GOP policy primers — including Project 2025, published by the conservative think tank The Heritage Foundation, and one from the Republican Study Committee, a conservative congressional caucus — have also called for cutting Medicaid.
Arrington, whose spokespeople did not respond to repeated requests for an interview, told reporters last month that he supported a “responsible and reasonable work requirement.” Harvard University health professors who studied a previous work mandate in Arkansas that Trump allowed during his first term found that most adults using Medicaid were already employed or qualified for an exemption, but thousands of residents still lost health care, at least in part because of the onerous process of continuously proving their eligibility.
This is not the first time Arrington has pushed work requirements and sought to lower the share of health care costs that the federal government pays to states.

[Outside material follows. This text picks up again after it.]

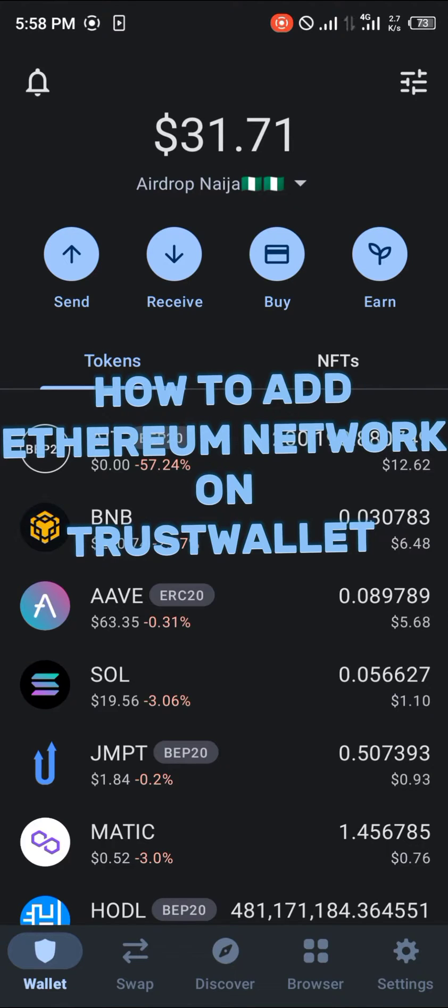Hello guys and welcome to another quick tutorial video. In this short tutorial video, I'm going to be showing you how you can add the Ethereum network on TrustWallet.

He previously proposed cutting federal Medicaid spending by more than a quarter, or $1.9 trillion.
Cornyn, whose spokespeople also repeatedly declined to comment, said last month that he would not support cuts to Medicare, the federal health insurance program for seniors and the disabled, or to Social Security. Still, he suggested that Medicaid cuts were on the table.
“We can’t just keep doing things the way we’ve been doing them,” Cornyn told Politico Pro, adding that “block grants make a lot of sense.”
William T. Smith, a 65-year-old retired construction worker who lives along the U.S.-Mexico border in Brownsville, said that he voted for Trump partly because he agrees that “there’s too much fat” and supports cutting some federal programs.
Smith has chronic obstructive pulmonary disease, which affects his lungs and makes it difficult to breathe. He said he also has bipolar disorder, sleep apnea and chronic pain after decades of performing manual labor.
Smith said Medicaid, which he has been trying to get since the summer, should not be where the federal government looks to reduce expenses. Instead, he said, the federal government should take savings from cutting other programs and put the money toward more people’s care.
“I don’t think they’re going to yank health care away from people,” he said. “If they do, I’d be really angry.”